A l’aile droite, en effet, le combat est acharné. Toutes les nuits, l’attaque fait rage. On se regroupe pendant le jour à l’abri des terribles 88 antichars.

Tout l’empire britanniques est là: Australiens, Néo-Zélandais, Sud-Africains, Hindous, Écossais, Anglais de la 50e division et des trois divisions blindées.

Tous font merveille. Le 1er novembre, enfin, l’ennemi cède. Dans la nuit, une division entière part à l’attaque, guidée par les obus traceurs des canons antiaériens qui tirent sur ses flancs. Elle atteint, d’un élan, son objectif situé à 6 kilomètres. L’ennemi réagit violemment mais sans succès, des combats acharnés se déroulent.

Le 4 novembre, au matin, le 101e corps d’armée blindé peut enfin déboucher. Abandonnant dans le désert quatre divisions italiennes, les Allemands fuient sur cette fameuse « Via Balbo » que mitraillent sans cesse les chasseurs de la R.A.F. La pluie sauve l’ennemi du désastre total. Cependant, la poursuite est échevelée, elle ne s’arrêtera pratiquement qu’à Enfidaville, en Tunisie, à 3.500 kilomètres de là.

Jamais, je crois, une armée n’avait été aussi sûre d’elle-même et de son chef que l’était la VIIIe armée; « Monthy » l’avait entraînée patiemment pendant de longs mois et avait réussi à faire de cet assemblage de soldats de dix pays différents un merveilleux instrument de combat dont la foi en la victoire était totale.
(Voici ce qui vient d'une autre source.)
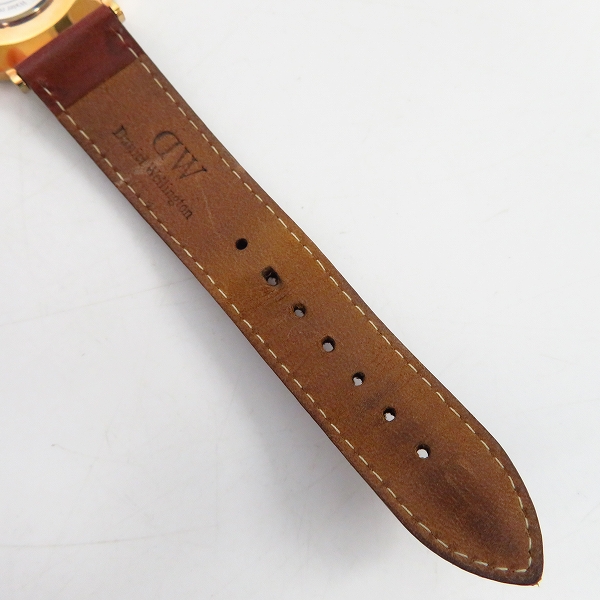 実際に弊社で買取させて頂いたDaniel Wellington/ダニエルウェリントン クラシックブラック セントモーズ 腕時計 DW00100136の画像 5枚目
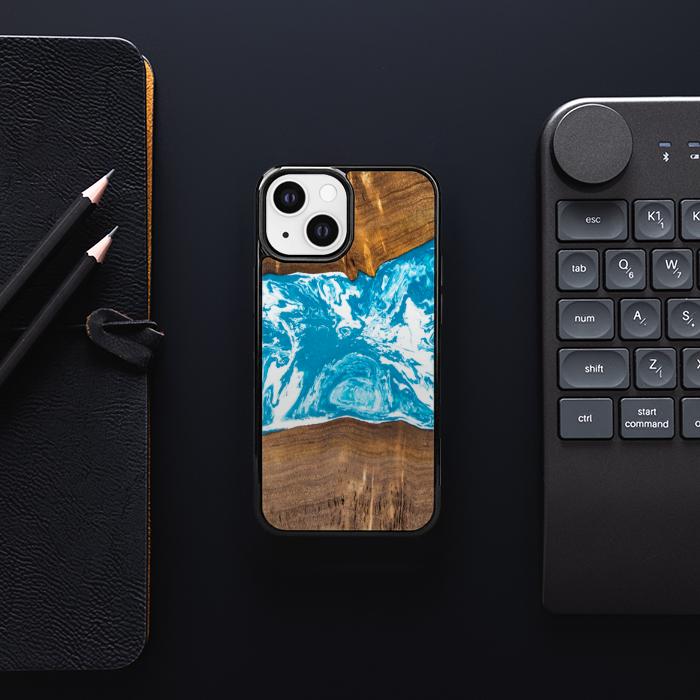iPhone 13 Mini Handyhülle aus Harz und Holz - SYNERGY#A7
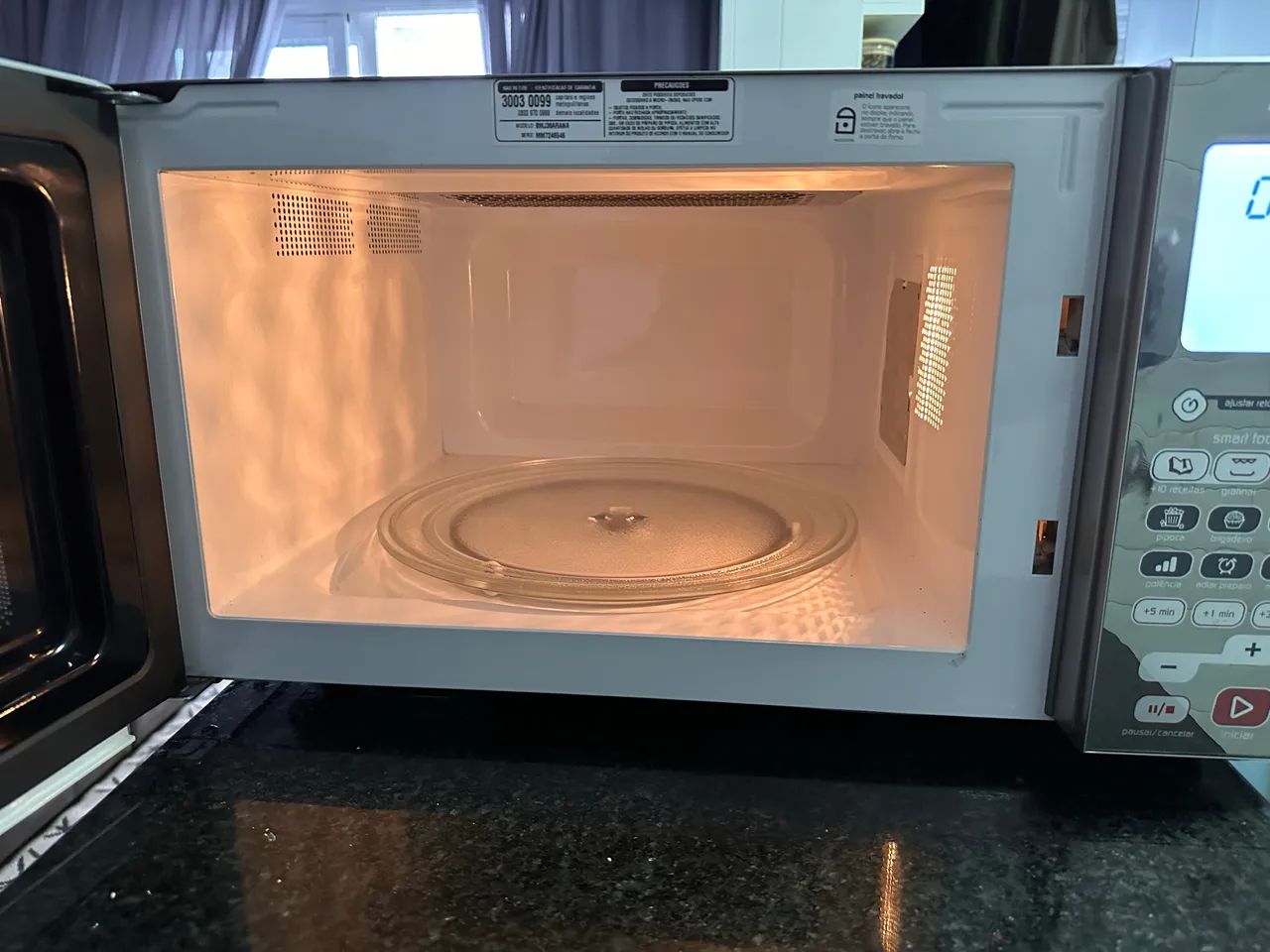Microondas Brastemp Grill 127 V - Foto 3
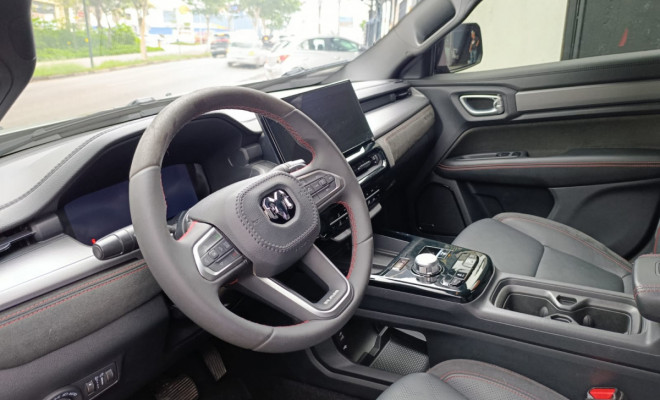 RAM RAMPAGE R/T HURRIC. 4 2.0 TB CD 4X4 Aut. 2024 Gasolina-9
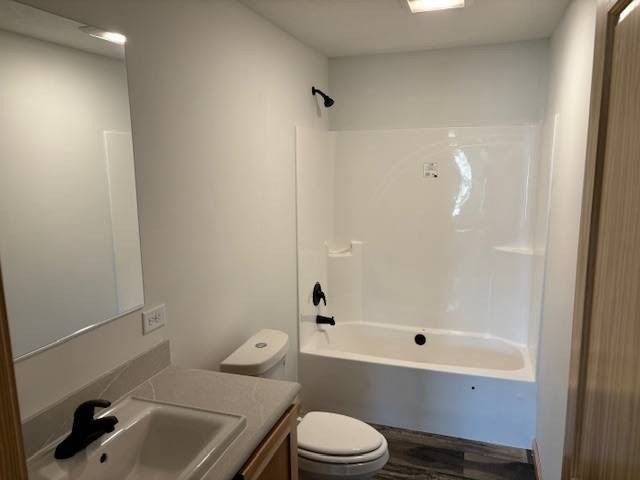11975 Northland Dr M 4 Modular. Cedar Springs, MI 49319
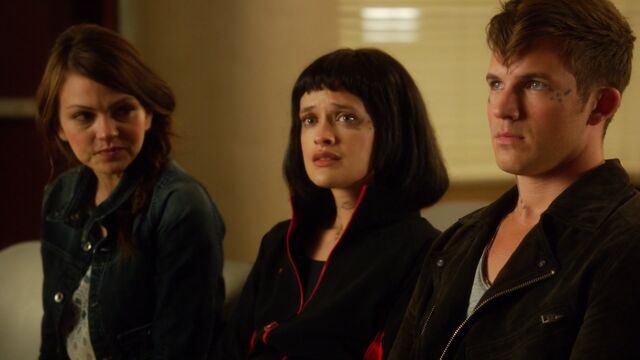 File:Starcrossed104-1836.jpg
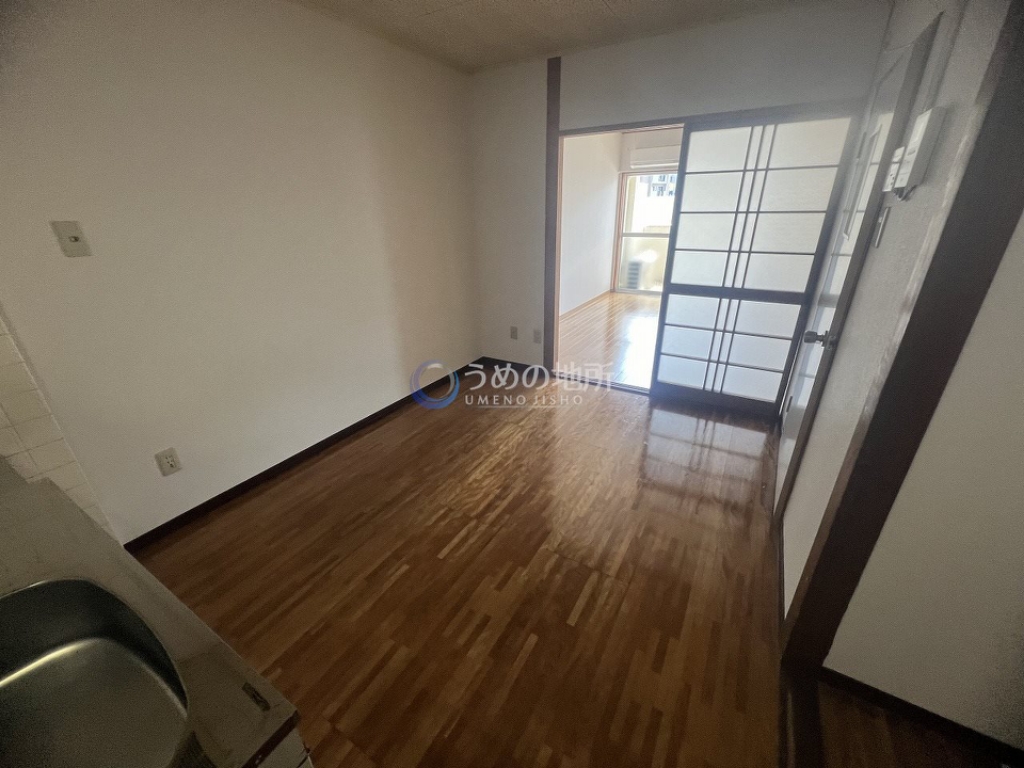 居室・リビング　リビング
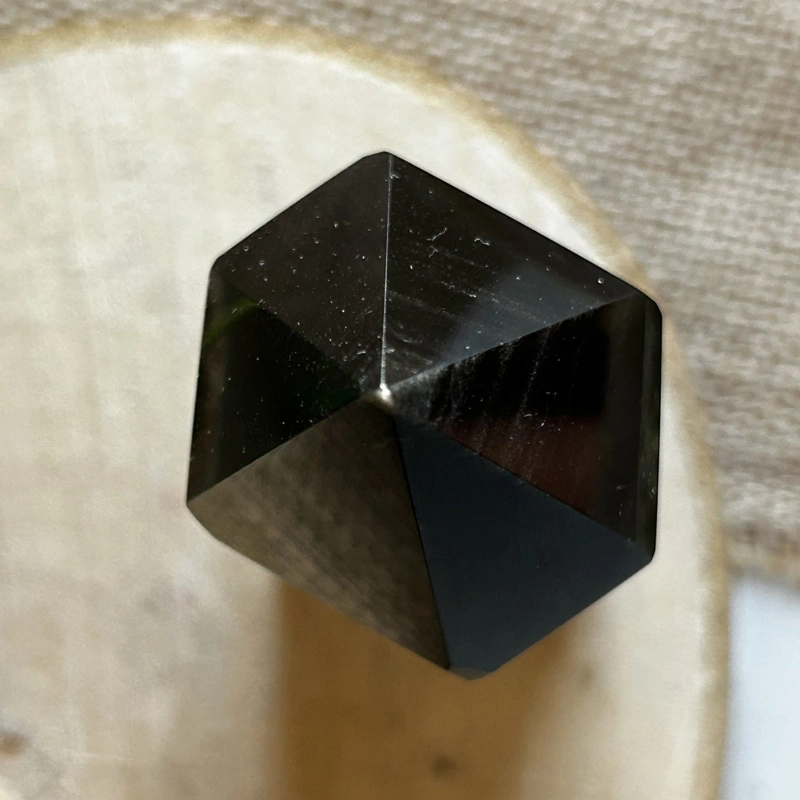 punta in Ossidiana nera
J’ai lu, quelque part, une comparaison qui m’a paru juste: c’est celle qui rapproche les soldats de la Révolution de cette VIIIe armée, pleine de fantaisie, habillée à la diable, aimant la vie, mais sachant la prodiguer, ayant la foi enfin.

Il eut manqué quelque chose si la France n’y avait pas été représentée, si elle n’avait participé à la libération de cette terre d’Afrique qui a vu couler tant de sang français; si le canal de Suez, réalisation française, n’avait, une fois encore, été sauvé avec l’aide des Français.

Ils étaient bien peu ; les chiffres eux-mêmes ne signifient rien: quelques milliers en comptant ces étrangers et ces indigènes qui, si généreusement, acceptaient de servir notre drapeau.

La cause était belle. Ce n’était pas le pays seulement qu’il fallait sauver, c’était l’âme de la France.

Ceux qui sont morts ont eu la grande récompense de croire, qu’à cause d’eux, la patrie avait retrouvé la foi en elle-même: la foi qui renverse les montagnes.

Je le crois aussi, quoiqu’en disent quelques esprits chagrins, et je vous demande de le croire avec moi.

Lieutenant-colonel de Sairigné

Extrait de la Revue de la France Libre, n° 19, juin 1949.